As the Volkswagen emissions scandal continues to unfold I have, over the past couple of weeks, been asking a number of industry public and media relations people, along with some senior car company executives – off the record – how they would handle such a crisis, and indeed, how did they rate VW’s handling of the affair.

The questions have been met with looks of horror at the prospect of having to deal with such a crisis with the general consensus being that the situation had not been handled at all well in PR terms. Maybe a large part of this is due to the fact that the press and PR function has been somewhat neutered within car companies over the past 20 years.

In a digital age where the internet can spread the word like wildfire, this is extremely dangerous. News now, perhaps more than ever, needs to be managed – especially bad news. When I first came into the industry, the top PR was often regarded as the ‘face’ of the company. The go-to person for information, on or off the record.

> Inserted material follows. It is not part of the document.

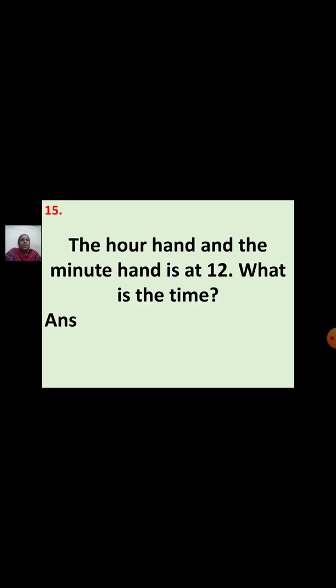Last question: The hour hand and the minute hand are both at 12. What is the time? With this, we have completed 2 parts and next class, we will take part 3. Thank you.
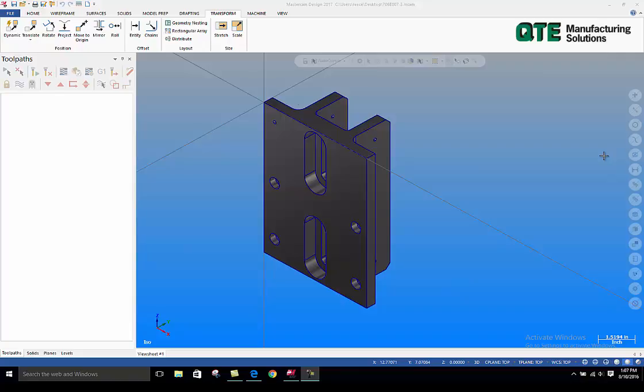Hello everyone. This is Rhys Gibson from QTE Manufacturing, your local Mastercam reseller. Here again with another tech tip.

With the spectre of a scandal looming, the PR chief would likely telephone key media players and invite them out for a five Martini lunch where the situation would be explained (off the record, of course) and the story would unfold in a measured and informed way – not bursting out into the world on a wave of mass hysteria.

Unfortunately now, PRs are more likely to be seen a gatekeepers, doing all they can to hold information back while carefully treading in the footsteps of whichever exec they are guarding. Trying to actually speak to a PR in some companies is almost impossible. Telephones are unanswered, voice mail and email ignored.

The upshot is that when a story breaks there is no control: Why would a journalist bother to try and contact a PR department which had ignored all previous calls?

The VW drama is a case in point. Let’s unpick it: The German car company has basically cheated the system by having a clever piece of software that could detect when the vehicle is being tested and then make the necessary adjustments to enable the engine to pass emissions tests.

Well, cheating in exams is nothing new. Indeed working out the best way to pass a test is a perfectly legitimate pastime: You do exactly what is necessary to pass a school exam, a driving test or even a job interview – then you forget most of it and get on with life in the real world. Testing procedures for emissions, CO2 and fuel economy are so far out of kilter with the real world they are off the scale.

Anyway, the boss of VW of America is on record as saying the company knew it had been rumbled in May 2014 when a university in Virginia discovered something was wrong. So what has been going on in those past 16 months? This is a classic example of a story that needed to be managed. A PR with clout would have said back in May 2014 “Is this real, have we really been cheating?.” What they should have advised is that the company ‘fesses up – kind of. “Oh, we have discovered a malfunction in the software which may have screwed up the emissions test, but we’re on it. We’ll get the cars back and work on the issue.”

Now, I can see the management board saying at the time that it was concerned about losing face and not to mention the cost of a recall. The cost?? It would have been nowhere close to the $11bn VW is now into and that’s without the numerous class actions being brought by lawyers worldwide.

Back in May last year, the genie was out of the bottle and I guess I am sort of impressed VW managed to keep a lid on it for so long. But it was always going to get out and that’s when you need good PR – someone to manage the news not suppress it.

After all, VW is now taking out huge media advertisements saying how concerned the company is about losing the trust of its customers. Had it trusted its customers with the news earlier it may not be in the predicament it is in now.